SOURCE MATERIAL:
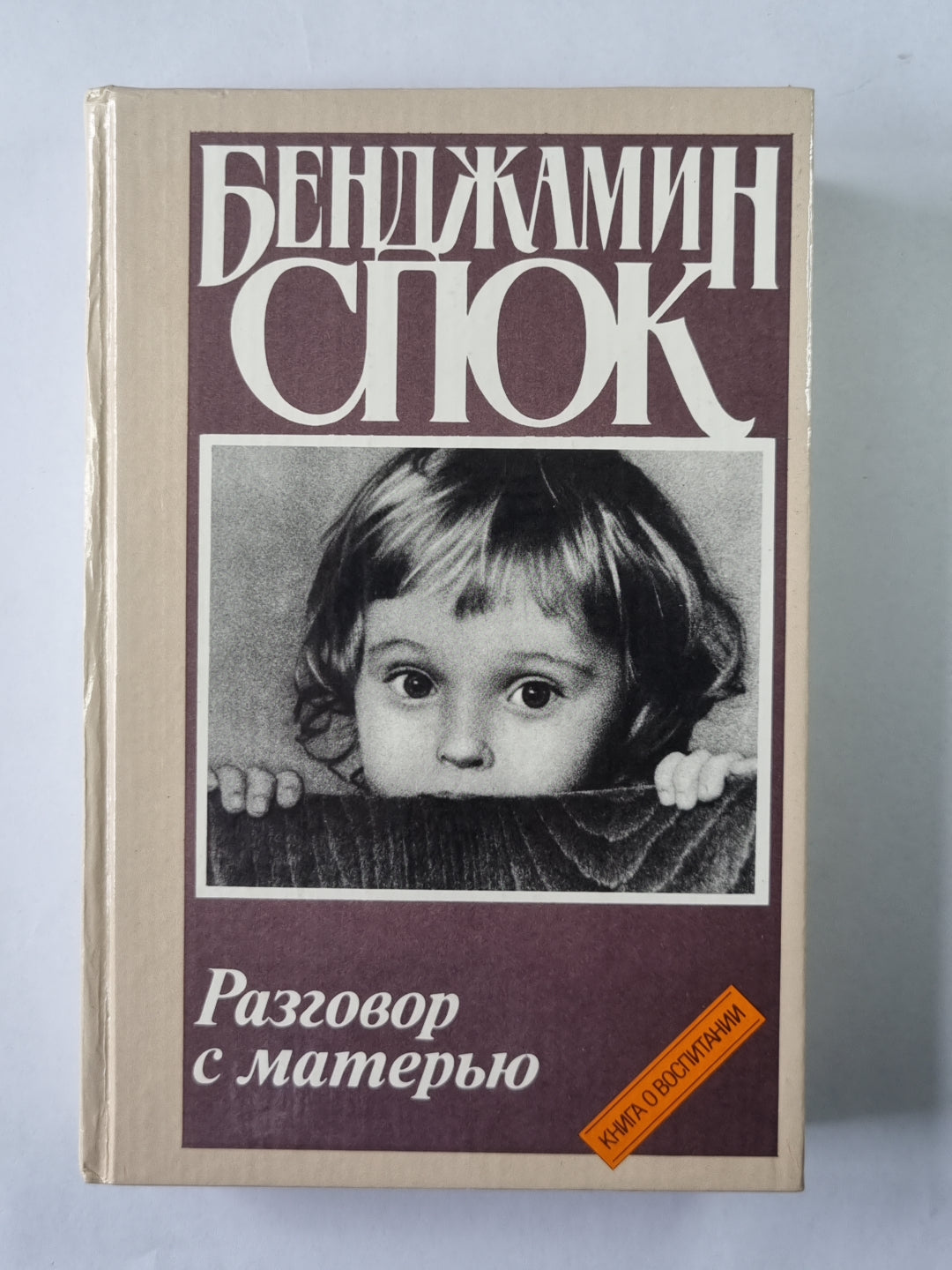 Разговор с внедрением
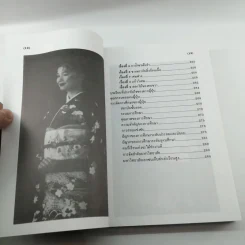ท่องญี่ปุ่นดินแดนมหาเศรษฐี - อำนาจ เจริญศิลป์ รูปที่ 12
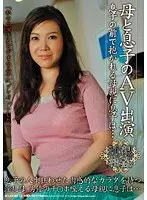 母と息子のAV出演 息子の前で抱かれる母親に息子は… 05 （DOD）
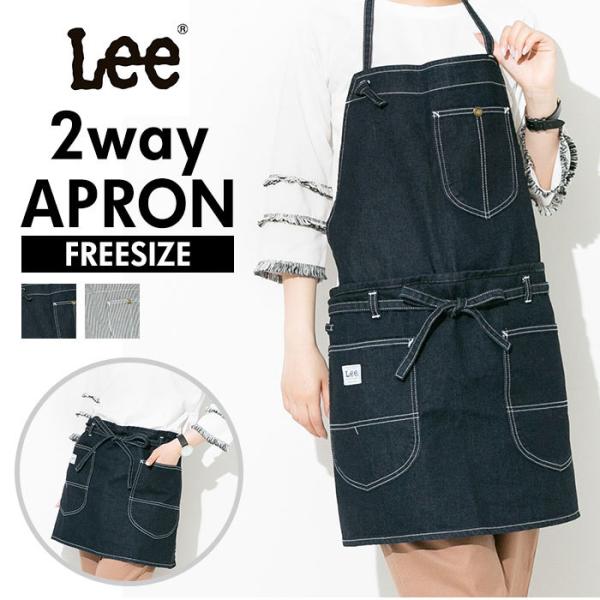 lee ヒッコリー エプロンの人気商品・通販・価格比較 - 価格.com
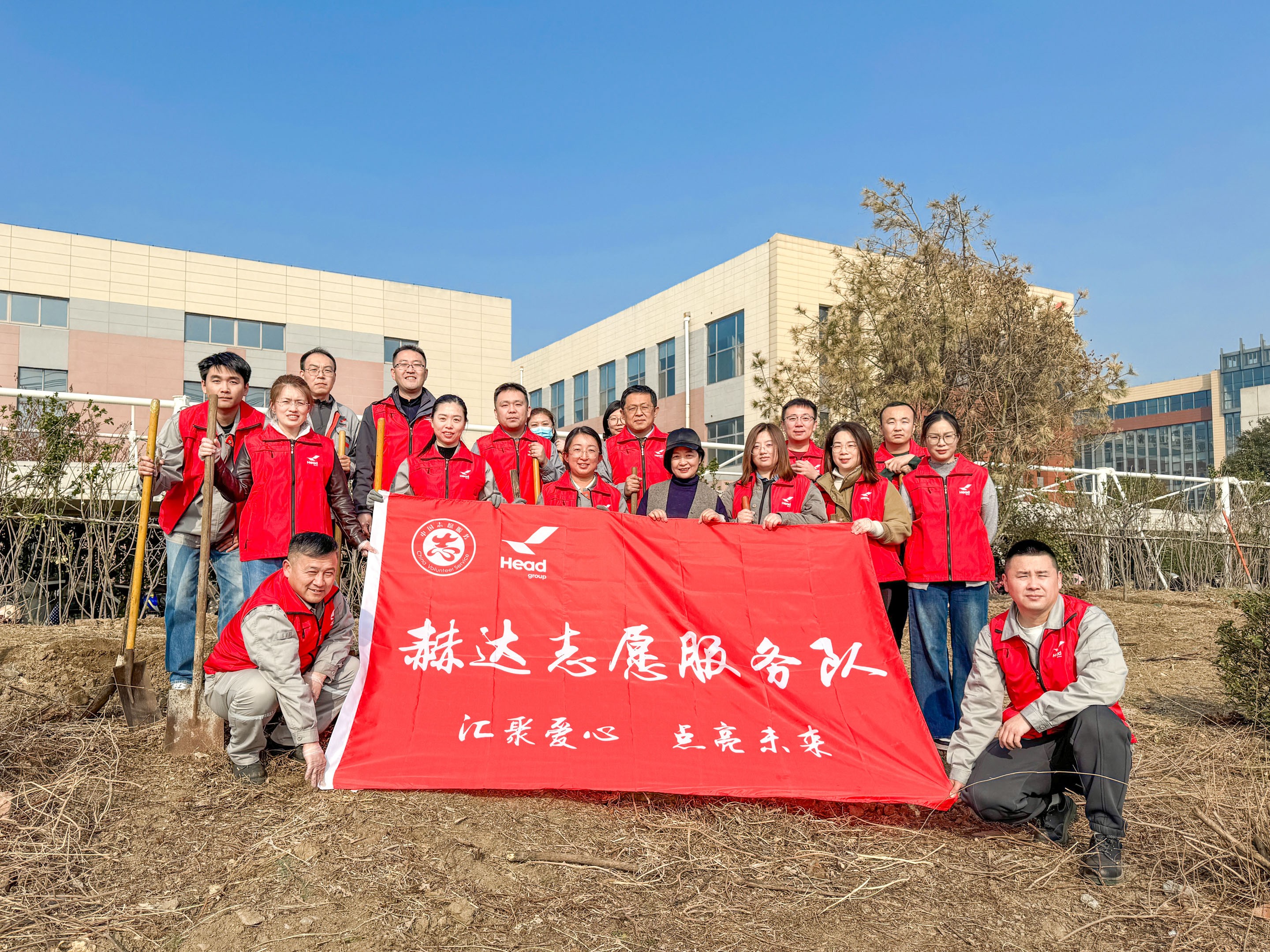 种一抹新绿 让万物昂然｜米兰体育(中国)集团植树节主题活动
...
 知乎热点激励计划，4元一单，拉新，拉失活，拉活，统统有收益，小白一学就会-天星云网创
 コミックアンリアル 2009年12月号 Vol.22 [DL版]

PROBLEM TO WORK ON:
Only the lines above from the one with "母と息子のAV出演 息子の前で抱かれる母親に息子は… 05 （DOD）" to the one with "种一抹新绿 让万物昂然｜米兰体育(中国)集团植树节主题活动" should be printed, both included and exactly as written; no picture belongs in the copy.

ANSWER TO THE EXERCISE:
 母と息子のAV出演 息子の前で抱かれる母親に息子は… 05 （DOD）
 lee ヒッコリー エプロンの人気商品・通販・価格比較 - 価格.com
 种一抹新绿 让万物昂然｜米兰体育(中国)集团植树节主题活动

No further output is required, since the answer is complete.